• Records from a dataset

***

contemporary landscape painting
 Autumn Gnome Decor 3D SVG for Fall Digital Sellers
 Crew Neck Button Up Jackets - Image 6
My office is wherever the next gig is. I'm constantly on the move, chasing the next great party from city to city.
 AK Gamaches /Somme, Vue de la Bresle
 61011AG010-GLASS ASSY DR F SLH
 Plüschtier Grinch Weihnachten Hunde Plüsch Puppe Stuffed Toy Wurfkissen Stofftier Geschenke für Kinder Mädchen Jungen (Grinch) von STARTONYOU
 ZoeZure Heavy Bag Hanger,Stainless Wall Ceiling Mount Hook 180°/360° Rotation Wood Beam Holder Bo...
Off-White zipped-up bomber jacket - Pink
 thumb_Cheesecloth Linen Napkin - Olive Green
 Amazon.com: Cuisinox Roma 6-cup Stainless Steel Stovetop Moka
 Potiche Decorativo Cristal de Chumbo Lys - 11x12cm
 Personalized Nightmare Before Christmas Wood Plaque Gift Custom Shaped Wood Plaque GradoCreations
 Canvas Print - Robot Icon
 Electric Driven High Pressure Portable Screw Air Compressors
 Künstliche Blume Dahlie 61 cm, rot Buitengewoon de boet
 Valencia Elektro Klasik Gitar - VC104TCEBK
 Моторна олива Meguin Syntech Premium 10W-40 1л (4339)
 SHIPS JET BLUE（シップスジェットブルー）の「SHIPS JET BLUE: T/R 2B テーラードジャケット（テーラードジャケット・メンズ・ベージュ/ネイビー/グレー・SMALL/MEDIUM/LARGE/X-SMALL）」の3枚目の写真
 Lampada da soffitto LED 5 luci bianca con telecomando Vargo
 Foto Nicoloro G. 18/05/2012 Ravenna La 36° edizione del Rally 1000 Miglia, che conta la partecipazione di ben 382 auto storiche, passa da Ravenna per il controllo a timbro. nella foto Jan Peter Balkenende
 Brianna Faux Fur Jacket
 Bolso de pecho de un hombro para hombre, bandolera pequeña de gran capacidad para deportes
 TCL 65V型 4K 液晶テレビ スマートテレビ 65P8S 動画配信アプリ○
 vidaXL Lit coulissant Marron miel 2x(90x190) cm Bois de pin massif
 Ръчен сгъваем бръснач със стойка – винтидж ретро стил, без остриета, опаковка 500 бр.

***

• TASK REQUIREMENTS
Please repeat the data above verbatim, all of it.

• REPLY
contemporary landscape painting
 Autumn Gnome Decor 3D SVG for Fall Digital Sellers
 Crew Neck Button Up Jackets - Image 6
My office is wherever the next gig is. I'm constantly on the move, chasing the next great party from city to city.
 AK Gamaches /Somme, Vue de la Bresle
 61011AG010-GLASS ASSY DR F SLH
 Plüschtier Grinch Weihnachten Hunde Plüsch Puppe Stuffed Toy Wurfkissen Stofftier Geschenke für Kinder Mädchen Jungen (Grinch) von STARTONYOU
 ZoeZure Heavy Bag Hanger,Stainless Wall Ceiling Mount Hook 180°/360° Rotation Wood Beam Holder Bo...
Off-White zipped-up bomber jacket - Pink
 thumb_Cheesecloth Linen Napkin - Olive Green
 Amazon.com: Cuisinox Roma 6-cup Stainless Steel Stovetop Moka
 Potiche Decorativo Cristal de Chumbo Lys - 11x12cm
 Personalized Nightmare Before Christmas Wood Plaque Gift Custom Shaped Wood Plaque GradoCreations
 Canvas Print - Robot Icon
 Electric Driven High Pressure Portable Screw Air Compressors
 Künstliche Blume Dahlie 61 cm, rot Buitengewoon de boet
 Valencia Elektro Klasik Gitar - VC104TCEBK
 Моторна олива Meguin Syntech Premium 10W-40 1л (4339)
 SHIPS JET BLUE（シップスジェットブルー）の「SHIPS JET BLUE: T/R 2B テーラードジャケット（テーラードジャケット・メンズ・ベージュ/ネイビー/グレー・SMALL/MEDIUM/LARGE/X-SMALL）」の3枚目の写真
 Lampada da soffitto LED 5 luci bianca con telecomando Vargo
 Foto Nicoloro G. 18/05/2012 Ravenna La 36° edizione del Rally 1000 Miglia, che conta la partecipazione di ben 382 auto storiche, passa da Ravenna per il controllo a timbro. nella foto Jan Peter Balkenende
 Brianna Faux Fur Jacket
 Bolso de pecho de un hombro para hombre, bandolera pequeña de gran capacidad para deportes
 TCL 65V型 4K 液晶テレビ スマートテレビ 65P8S 動画配信アプリ○
 vidaXL Lit coulissant Marron miel 2x(90x190) cm Bois de pin massif
 Ръчен сгъваем бръснач със стойка – винтидж ретро стил, без остриета, опаковка 500 бр.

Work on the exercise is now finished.